Posts Tagged ‘SEPTA’

A Picture is Worth a Thousand Reasons American Public Transit Embarrasses Me.

August 5, 2012

An entrance to a Philadelphia subway station on the Avenue of the Arts.

Last week, Philadelphia got some shocking news. The American Public Transportation Association (APTA) declared that the Southeastern Pennsylvania Transportation Authority, known around here as SEPTA, was the “best of the best” in American public transit. This fall, SEPTA will receive APTA’s coveted Outstanding Public Transportation System Achievement Award.

Many SEPTA riders are speechless with surprise.

According to a press release on the SEPTA website, APTA President and CEO Michael Melaniphy received a tour of SEPTA’s control center and called it “amazing”.

“SEPTA and its many accomplishments and achievements are models for the rest of the public transit industry,” he said.

Whether or not Melaniphy visited any of SEPTA’s subways, trolleys, buses or trains remains unclear.

People say that Philadelphians love to hate their transit system.
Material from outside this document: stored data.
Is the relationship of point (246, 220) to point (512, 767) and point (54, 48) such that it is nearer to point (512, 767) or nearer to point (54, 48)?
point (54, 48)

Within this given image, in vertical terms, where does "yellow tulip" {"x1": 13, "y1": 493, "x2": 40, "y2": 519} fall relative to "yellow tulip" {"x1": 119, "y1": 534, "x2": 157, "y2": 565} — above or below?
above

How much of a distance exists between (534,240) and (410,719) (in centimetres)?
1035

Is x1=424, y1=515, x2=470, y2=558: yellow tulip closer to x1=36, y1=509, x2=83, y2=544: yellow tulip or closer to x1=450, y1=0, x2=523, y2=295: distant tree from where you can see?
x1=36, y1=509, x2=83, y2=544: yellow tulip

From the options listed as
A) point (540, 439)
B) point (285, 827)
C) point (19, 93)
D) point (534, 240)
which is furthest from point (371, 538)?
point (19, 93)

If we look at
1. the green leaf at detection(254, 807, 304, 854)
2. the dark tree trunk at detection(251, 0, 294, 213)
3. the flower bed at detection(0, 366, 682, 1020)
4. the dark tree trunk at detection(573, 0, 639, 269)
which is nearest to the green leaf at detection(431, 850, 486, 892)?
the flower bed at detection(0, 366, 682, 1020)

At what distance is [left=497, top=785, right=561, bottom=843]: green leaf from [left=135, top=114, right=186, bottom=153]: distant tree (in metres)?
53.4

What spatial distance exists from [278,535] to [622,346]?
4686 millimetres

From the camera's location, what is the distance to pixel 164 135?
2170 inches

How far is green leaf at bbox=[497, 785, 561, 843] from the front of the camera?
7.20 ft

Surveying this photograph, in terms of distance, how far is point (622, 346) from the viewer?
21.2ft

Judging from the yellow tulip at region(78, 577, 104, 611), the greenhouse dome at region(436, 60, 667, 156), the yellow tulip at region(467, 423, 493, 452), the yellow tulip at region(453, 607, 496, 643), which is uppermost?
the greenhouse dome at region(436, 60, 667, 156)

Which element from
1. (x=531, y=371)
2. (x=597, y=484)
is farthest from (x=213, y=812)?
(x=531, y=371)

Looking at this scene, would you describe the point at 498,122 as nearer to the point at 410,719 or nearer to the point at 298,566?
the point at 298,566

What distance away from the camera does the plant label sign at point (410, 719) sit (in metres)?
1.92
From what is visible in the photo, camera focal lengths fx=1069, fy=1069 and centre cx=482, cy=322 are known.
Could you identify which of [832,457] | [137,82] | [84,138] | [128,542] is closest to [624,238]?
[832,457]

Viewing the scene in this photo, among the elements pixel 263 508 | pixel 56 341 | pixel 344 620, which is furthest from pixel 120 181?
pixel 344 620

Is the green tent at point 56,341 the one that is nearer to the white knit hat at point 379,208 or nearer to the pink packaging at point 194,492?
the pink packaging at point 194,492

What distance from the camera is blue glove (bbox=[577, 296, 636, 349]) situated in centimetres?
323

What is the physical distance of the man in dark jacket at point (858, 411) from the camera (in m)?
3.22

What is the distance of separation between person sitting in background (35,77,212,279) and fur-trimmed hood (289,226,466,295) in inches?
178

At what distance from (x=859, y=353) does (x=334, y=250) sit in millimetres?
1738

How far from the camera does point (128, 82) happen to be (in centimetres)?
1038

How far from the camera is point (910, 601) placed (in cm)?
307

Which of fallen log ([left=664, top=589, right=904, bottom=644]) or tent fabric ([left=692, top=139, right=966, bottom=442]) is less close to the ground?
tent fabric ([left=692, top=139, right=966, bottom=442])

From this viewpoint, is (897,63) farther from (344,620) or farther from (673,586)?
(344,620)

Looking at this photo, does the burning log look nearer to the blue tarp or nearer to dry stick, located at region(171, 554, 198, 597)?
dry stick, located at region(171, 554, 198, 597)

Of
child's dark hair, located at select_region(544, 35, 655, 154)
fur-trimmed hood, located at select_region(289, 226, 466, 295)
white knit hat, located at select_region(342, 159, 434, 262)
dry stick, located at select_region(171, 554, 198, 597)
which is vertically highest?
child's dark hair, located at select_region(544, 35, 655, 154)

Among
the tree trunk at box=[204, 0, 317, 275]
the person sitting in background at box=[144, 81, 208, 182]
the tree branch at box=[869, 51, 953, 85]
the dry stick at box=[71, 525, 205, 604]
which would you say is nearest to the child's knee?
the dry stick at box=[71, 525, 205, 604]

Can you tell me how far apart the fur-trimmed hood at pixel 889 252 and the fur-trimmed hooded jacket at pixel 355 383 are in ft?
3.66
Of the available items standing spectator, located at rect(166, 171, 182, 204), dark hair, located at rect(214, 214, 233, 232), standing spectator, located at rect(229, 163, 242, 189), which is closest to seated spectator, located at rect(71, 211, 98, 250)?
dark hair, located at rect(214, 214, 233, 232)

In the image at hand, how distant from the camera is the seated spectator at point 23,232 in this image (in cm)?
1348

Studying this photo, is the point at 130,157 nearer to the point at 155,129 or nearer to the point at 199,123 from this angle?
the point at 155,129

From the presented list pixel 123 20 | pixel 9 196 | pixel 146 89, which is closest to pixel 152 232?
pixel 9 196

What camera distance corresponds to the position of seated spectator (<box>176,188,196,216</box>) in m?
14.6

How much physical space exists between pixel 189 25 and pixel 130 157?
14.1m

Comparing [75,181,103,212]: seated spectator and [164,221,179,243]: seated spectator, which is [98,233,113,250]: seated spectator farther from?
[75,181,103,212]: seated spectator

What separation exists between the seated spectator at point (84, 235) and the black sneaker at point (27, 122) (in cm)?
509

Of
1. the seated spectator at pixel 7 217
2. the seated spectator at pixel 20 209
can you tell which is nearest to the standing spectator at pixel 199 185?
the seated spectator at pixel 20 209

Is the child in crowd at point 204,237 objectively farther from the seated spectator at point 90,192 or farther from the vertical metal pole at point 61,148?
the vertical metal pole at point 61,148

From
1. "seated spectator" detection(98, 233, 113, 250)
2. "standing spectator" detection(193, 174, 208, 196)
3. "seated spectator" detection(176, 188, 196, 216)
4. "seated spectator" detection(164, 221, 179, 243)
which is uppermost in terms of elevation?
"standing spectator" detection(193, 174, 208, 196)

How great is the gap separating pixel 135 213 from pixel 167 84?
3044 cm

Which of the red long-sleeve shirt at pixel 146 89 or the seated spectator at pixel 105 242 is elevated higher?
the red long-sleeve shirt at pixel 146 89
But SEPTA’s not all bad.

Philadelphia’s Suburban Station, in the heart of Center City.

The three major city stations, Market East (next to the famous Reading Terminal Market), Suburban (next to City Hall) and 30th Street (of Witness fame), aren’t bad.

Another view of Suburban Station.

But starting just a block or two away from these central stations, it’s a different world. I can’t tell it better than these pictures can. I took all of these within about two hours, passing through a couple transit stations in the course of a normal evening on the job.
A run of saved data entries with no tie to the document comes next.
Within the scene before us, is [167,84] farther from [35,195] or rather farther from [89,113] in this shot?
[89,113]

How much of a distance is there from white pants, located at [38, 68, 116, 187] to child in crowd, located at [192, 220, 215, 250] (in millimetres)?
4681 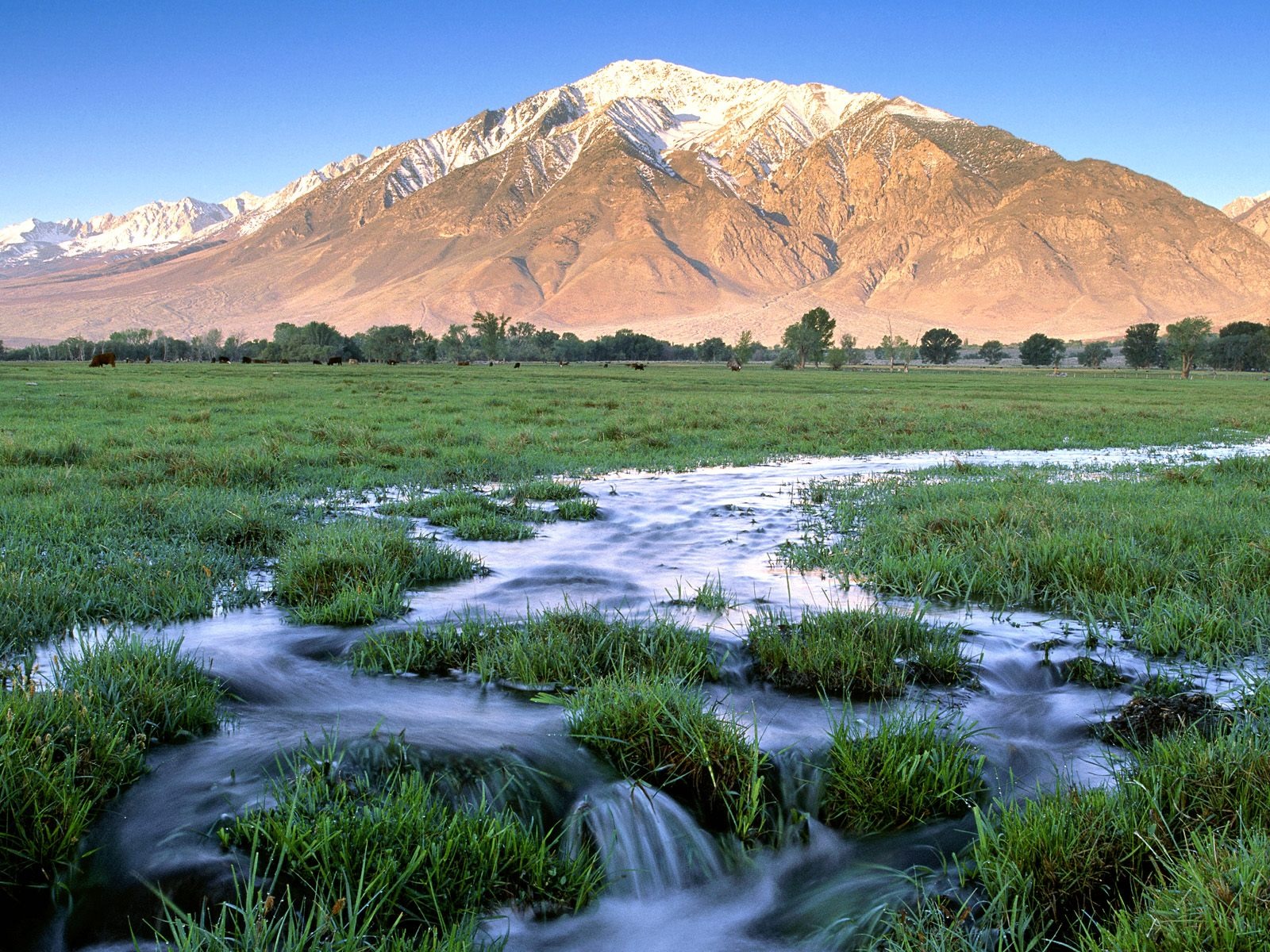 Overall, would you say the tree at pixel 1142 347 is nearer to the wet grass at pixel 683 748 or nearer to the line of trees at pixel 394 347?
the line of trees at pixel 394 347

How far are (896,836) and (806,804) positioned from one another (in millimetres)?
395

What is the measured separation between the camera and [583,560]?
305 inches

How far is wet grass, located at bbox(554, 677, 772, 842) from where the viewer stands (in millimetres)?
3344

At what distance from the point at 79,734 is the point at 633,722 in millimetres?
2385

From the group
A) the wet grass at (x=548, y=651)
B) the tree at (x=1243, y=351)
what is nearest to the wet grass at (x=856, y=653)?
the wet grass at (x=548, y=651)

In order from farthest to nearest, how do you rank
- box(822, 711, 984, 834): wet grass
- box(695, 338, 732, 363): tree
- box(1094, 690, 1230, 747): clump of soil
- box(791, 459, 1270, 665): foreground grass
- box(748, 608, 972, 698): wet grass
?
box(695, 338, 732, 363): tree
box(791, 459, 1270, 665): foreground grass
box(748, 608, 972, 698): wet grass
box(1094, 690, 1230, 747): clump of soil
box(822, 711, 984, 834): wet grass

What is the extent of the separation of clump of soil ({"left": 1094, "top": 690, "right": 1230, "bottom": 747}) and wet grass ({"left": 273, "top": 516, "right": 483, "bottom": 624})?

After brief rainstorm, water puddles everywhere in a subway station one stop south of City Hall.

On the way up to the street:

Roaches may be able to survive a nuclear disaster, but a thunderstorm over the SEPTA subway apparently does this one in.

Here’s the ceiling of the main concourse between Suburban Station and the north-south subway line.
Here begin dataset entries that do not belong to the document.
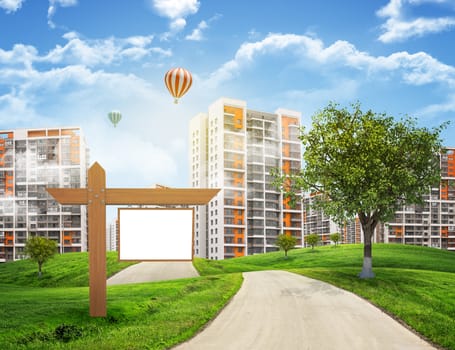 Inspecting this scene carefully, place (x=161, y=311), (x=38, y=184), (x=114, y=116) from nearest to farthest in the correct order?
1. (x=161, y=311)
2. (x=114, y=116)
3. (x=38, y=184)

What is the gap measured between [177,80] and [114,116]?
21.9 m

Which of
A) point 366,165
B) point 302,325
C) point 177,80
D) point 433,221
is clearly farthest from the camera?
point 433,221

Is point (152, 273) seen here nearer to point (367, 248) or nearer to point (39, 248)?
point (39, 248)

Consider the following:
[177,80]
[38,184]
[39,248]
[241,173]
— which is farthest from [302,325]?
[38,184]

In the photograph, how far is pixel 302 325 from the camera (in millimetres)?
18469

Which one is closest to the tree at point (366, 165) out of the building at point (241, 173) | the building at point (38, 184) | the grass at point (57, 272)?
the grass at point (57, 272)

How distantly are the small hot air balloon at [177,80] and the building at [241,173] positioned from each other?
195 ft

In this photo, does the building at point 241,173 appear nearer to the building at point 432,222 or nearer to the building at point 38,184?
the building at point 38,184

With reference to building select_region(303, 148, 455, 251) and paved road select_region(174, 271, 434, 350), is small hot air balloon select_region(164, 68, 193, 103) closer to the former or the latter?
paved road select_region(174, 271, 434, 350)

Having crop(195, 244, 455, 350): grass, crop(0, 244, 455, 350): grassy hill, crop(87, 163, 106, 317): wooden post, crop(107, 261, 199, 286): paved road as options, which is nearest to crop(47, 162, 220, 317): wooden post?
crop(87, 163, 106, 317): wooden post

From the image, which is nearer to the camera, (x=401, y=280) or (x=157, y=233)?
(x=157, y=233)

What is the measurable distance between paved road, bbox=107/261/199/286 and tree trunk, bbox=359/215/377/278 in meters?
16.5

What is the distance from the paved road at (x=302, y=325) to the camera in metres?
15.8

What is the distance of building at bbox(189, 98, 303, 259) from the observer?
101m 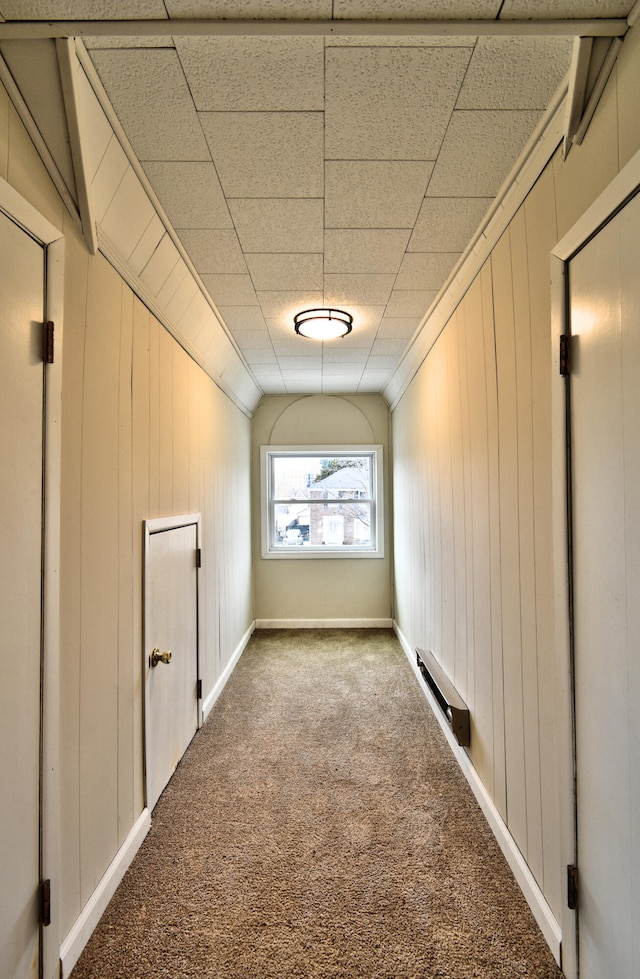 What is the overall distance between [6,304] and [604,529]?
5.06 feet

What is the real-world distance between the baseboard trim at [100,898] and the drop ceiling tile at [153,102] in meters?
2.37

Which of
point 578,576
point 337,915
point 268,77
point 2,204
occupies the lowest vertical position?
point 337,915

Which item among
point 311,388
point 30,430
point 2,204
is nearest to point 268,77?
point 2,204

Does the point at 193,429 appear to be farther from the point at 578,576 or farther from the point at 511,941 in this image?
the point at 511,941

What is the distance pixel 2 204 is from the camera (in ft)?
3.44

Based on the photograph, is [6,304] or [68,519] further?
[68,519]

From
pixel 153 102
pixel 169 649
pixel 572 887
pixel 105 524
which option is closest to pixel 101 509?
pixel 105 524

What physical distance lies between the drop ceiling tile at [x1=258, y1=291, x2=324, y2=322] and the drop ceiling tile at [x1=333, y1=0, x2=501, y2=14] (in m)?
1.42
The Broad Street Line subway.

Here is the ceiling of a Suburban Station entrance one block from City Hall.

Don’t look up.

I usually just hustle through, but when I take the time to look, it reminds me of an abandoned building.

Forget a trip to the caverns. SEPTA has all the stalactites you could want.

There are smooth, white lumps on the floor where the lime has dripped for decades.

Here’s the whole picture of that entrance.

If you come down into the subway, here’s how you can pay for your ride.

Get some change.

Buy your tokens. No, there are no smart cards and you can’t use a credit card.

Need help? Don’t have cash? Go to the ticket booth. Or not.

Informational signage.

Renovations are under way at the 15th Street trolley stop; here is an example of the signage to help riders find their way.

There are a lot of things to be proud of in my home city. But I’m embarrassed by the state of its public transit. Now, I can’t even say what I feel upon learning that these pictures show North America’s best public transit system.

Do you live in Philadelphia? Do you think SEPTA deserves the award? If you’re not from Philly, what is public transit like in your city?

 

From the Only Girl on the Whole East Coast Who Missed the Damned Earthquake

August 24, 2011

When I got home at about 2:15pm on the afternoon of August 23rd and looked at the sprawling, breathless hive of life’s leftovers on the internet, I felt as if everyone else in the state had had a huge party without inviting me.

Later I read that Northwest Philadelphia, due to its solidly rocky geological foundation, experienced less shaking than other areas. Apparently some people in their cars also missed the trembling. From my SEPTA bus in Manayunk, I didn’t have a chance.

Curse you, SEPTA, for robbing me of this experience. Usually life’s tumult is inside the bus, as overheated riders scream obscenities at each other and the cheeky children of low-income families turn the seats into a jungle gym. I never thought public transit would shield me from a wildly unusual and unsettling event.

The earthquake had entered the Facebook feed tentatively. “Um, anyone else feel what seemed to be a small earthquake in Philly?” “Did anyone else feel that little earthquake?” “Um…house shaking??? Why?”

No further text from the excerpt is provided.